**Problem details:**
The records that follow are to be given again exactly. Do not carry over any image.

**Records for the task:**
# # # #

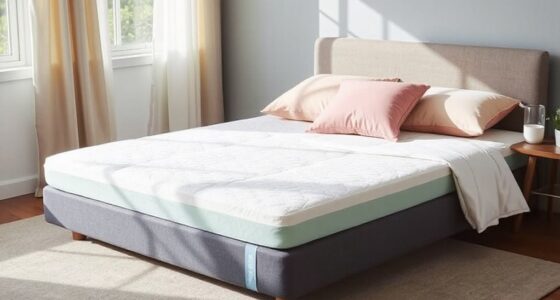 top memory foam mattresses 2026
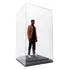 Display Expositor Para Bonecos Action Figure Hot Toy 1/6 Dc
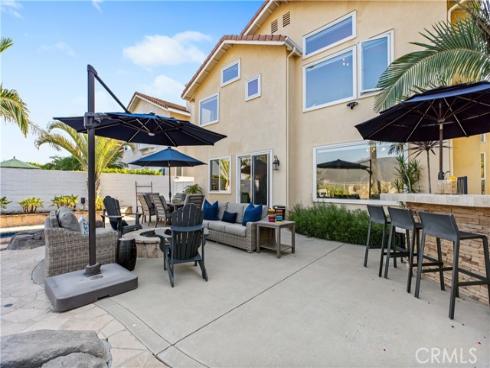 21602 High Country Drive, Rancho Santa Margarita, CA
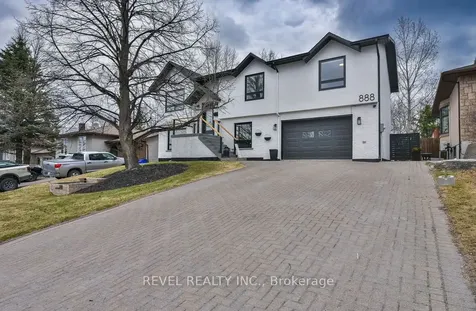 888 Reg Pope Boulevard Timmins ON P4N 8K8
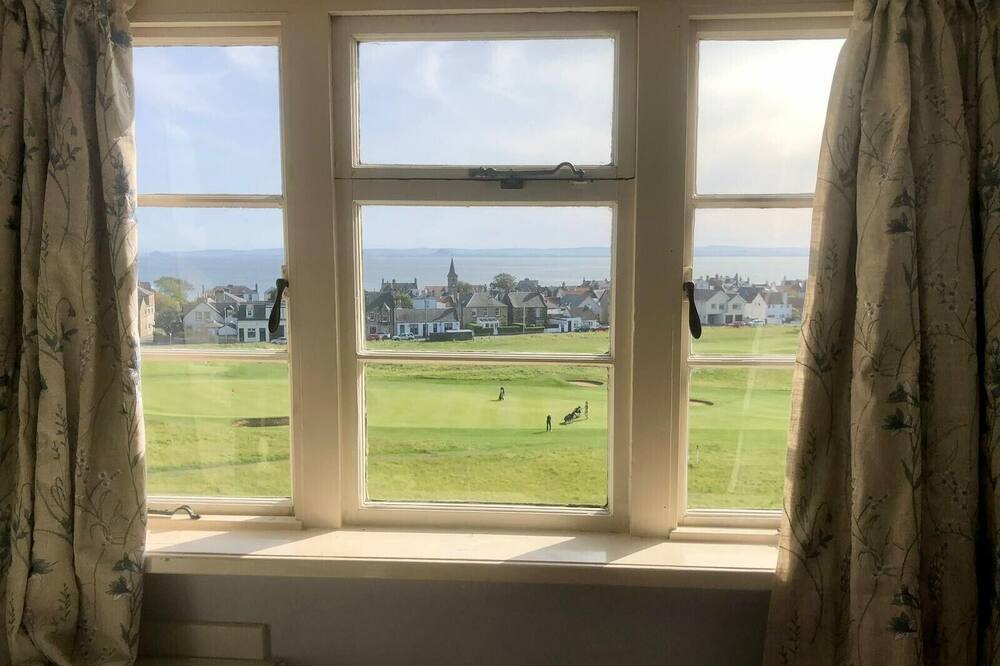 Photo of Bedroom in Earlsferry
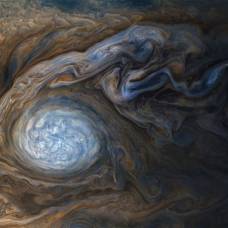 Планета юпитер — самая большая планета солнечной системы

# # # #

**Answer box:**
 top memory foam mattresses 2026
 Display Expositor Para Bonecos Action Figure Hot Toy 1/6 Dc
 21602 High Country Drive, Rancho Santa Margarita, CA
 888 Reg Pope Boulevard Timmins ON P4N 8K8
 Photo of Bedroom in Earlsferry
 Планета юпитер — самая большая планета солнечной системы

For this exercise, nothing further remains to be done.